Résultat : le salarié agressé a été licencié pour faits de violence “de nature à désorganiser la bonne marche de l’entreprise”…
Aucune sanction n’a été prise à l’encontre de l’agresseur.
Le salarié a saisi le conseil des prud’hommes afin de contester son licenciement.
Par jugement du 20 mai 2015, le conseil des prud’hommes de Strasbourg a débouté le salarié de sa demande au motif que le salarié était expert en arts martiaux et qu’il aurait dû être capable de se maîtriser.
Le conseil de prud’hommes applique donc faussement les règles relatives à la légitime défense et oublie totalement les règles relatives au droit du travail.
Il faut le faire…
L’occasion est donc donnée de se pencher sur cette affaire pour remettre les choses à leur place.
Il conviendra de rappeler les règles essentielles à la légitime défense et de s’autoriser quelques commentaires sur l’état actuel du droit en la matière…
Puis nous nous replacerons dans le strict cadre des règles du droit du travail pour constater que le jugement rendu par le conseil des prud’hommes est on ne peut plus critiquable.
Enfin, nous analyserons la décision finalement rendue en faveur du salarié par la Cour d’appel de Colmar.
2. Légitime défense et licenciement ou le droit de se défendre rapporté au cas d’espèce.
2a ) Quelques explications rapides sur la légitime défense.
La légitime défense concerne celui ou celle qui se défend face à une agression.
Les conditions suivantes doivent être réunies :
- la personne qui se défend doit faire face à une attaque injustifiée à son encontre ;
- l’acte de défense doit être nécessaire : l’agressé ne pouvait pas faire autrement que de se défendre ;
- les moyens employés par l’agressé doivent être proportionnés à l’attaque.

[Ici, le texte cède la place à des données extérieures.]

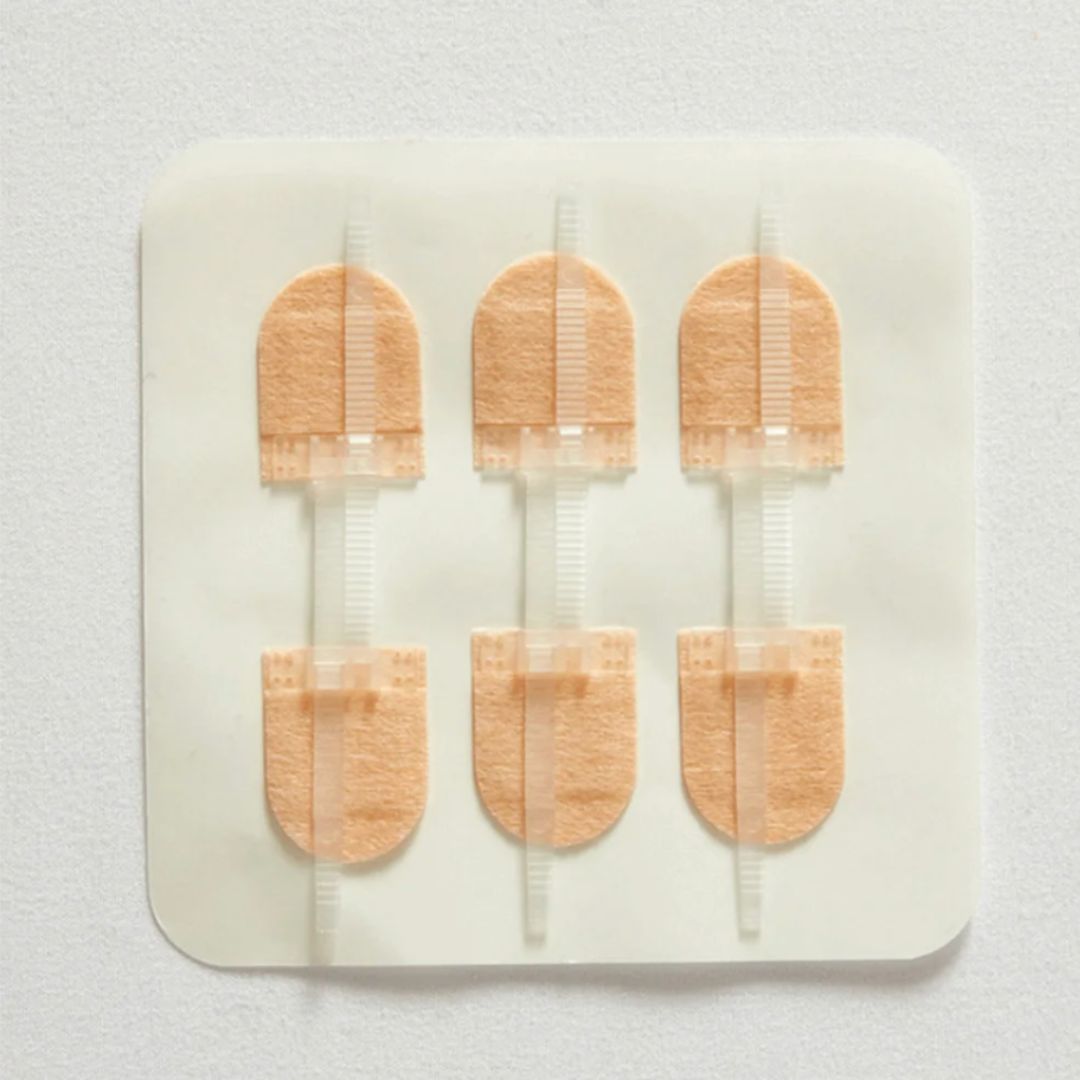 Chevaroo Horse Wound Closure Strip Kit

(On ne peut ainsi sortir une arme à feu pour répliquer à une gifle).
- enfin, l’acte de défense doit être contemporain, c’est-à-dire être opposé au moment de l’agression et pas plus tard.
Dans le cas contraire, on parlera non plus dans un acte de défense, mais dans un acte de vengeance.
Bon nombre de personnes amenées à se défendre n’arrivent pas à rapporter l’exigence de proportionnalité requise par la loi.
Il y a là un véritable parti pris de la loi en faveur des agresseurs et en défaveur des victimes.
Comment peut-on s’attacher à cette exigence de proportionnalité lorsque l’on sait la réaction psychologique instinctive qu’une agression entraîne chez sa victime ?
Peut-on sérieusement penser que la victime d’une agression va raisonner en termes de proportionnalité pour se défendre ?
Lorsqu’une personne est agressée, elle ne pense qu’à une chose : mettre un terme à l’agression.
Une agression entraîne un choc psychologique :
la victime est d’abord surprise ;
une fraction de seconde plus tard elle est paniquée.
On ne peut donc pas exiger qu’une victime d’agression sorte sa règle et son compas pour calculer si oui ou non son geste de défense est proportionné à l’attaque.
Une victime d’agressions ne raisonne pas comme cela.
Une victime d’agression tente simplement de s’en sortir.
Une victime d’agression n’a rien demandé : elle est victime !!!
La victime d’une agression devrait bénéficier d’une présomption, en toutes circonstances, de proportionnalité.
Cela devrait être à l’agresseur de prendre tous les risques :
les risques juridiques devant un tribunal ;
les risques factuels pour le cas où il tomberait sur une victime capable de se défendre.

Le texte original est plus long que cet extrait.